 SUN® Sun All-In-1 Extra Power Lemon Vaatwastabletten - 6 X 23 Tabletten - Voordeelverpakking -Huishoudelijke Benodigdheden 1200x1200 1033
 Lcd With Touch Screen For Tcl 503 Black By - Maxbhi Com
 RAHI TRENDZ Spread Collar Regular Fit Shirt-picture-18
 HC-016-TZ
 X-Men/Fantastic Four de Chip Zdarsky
==
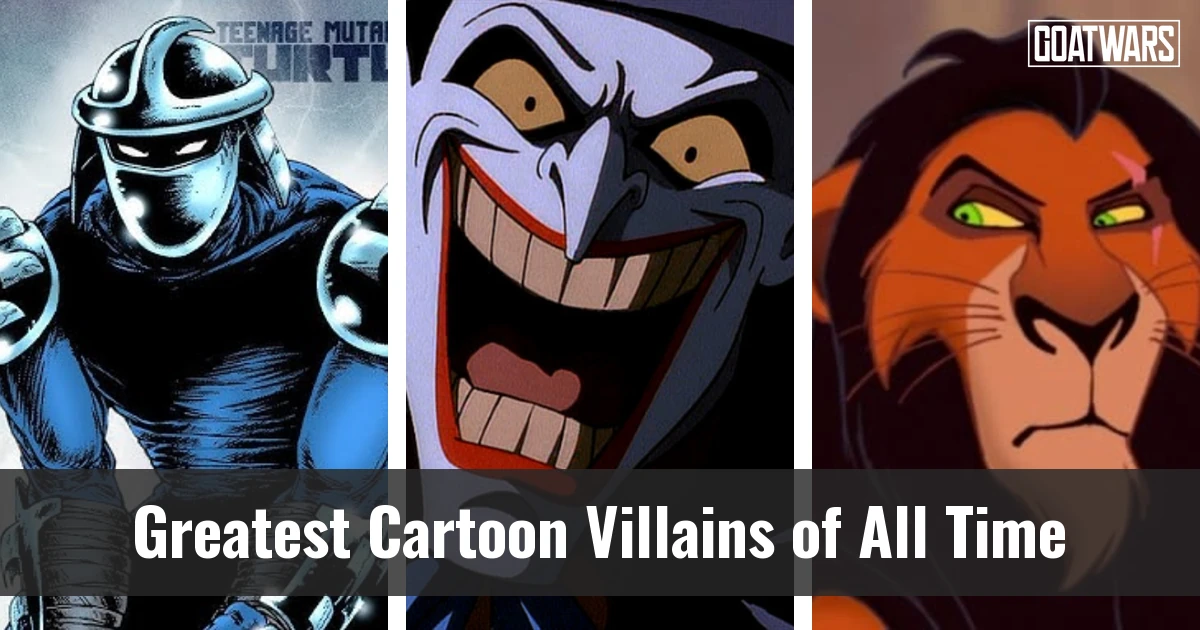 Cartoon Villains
* * *
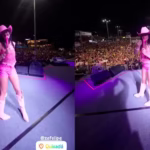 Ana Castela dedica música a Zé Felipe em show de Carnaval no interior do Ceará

**Task:** Reproduce, word for word and in full, only the lines above that start at the line with "SUN® Sun All-In-1" and run through the line with "X-Men/Fantastic Four de Chip Zdarsky", both ends included.

**Answer to this task:**
 SUN® Sun All-In-1 Extra Power Lemon Vaatwastabletten - 6 X 23 Tabletten - Voordeelverpakking -Huishoudelijke Benodigdheden 1200x1200 1033
 Lcd With Touch Screen For Tcl 503 Black By - Maxbhi Com
 RAHI TRENDZ Spread Collar Regular Fit Shirt-picture-18
 HC-016-TZ
 X-Men/Fantastic Four de Chip Zdarsky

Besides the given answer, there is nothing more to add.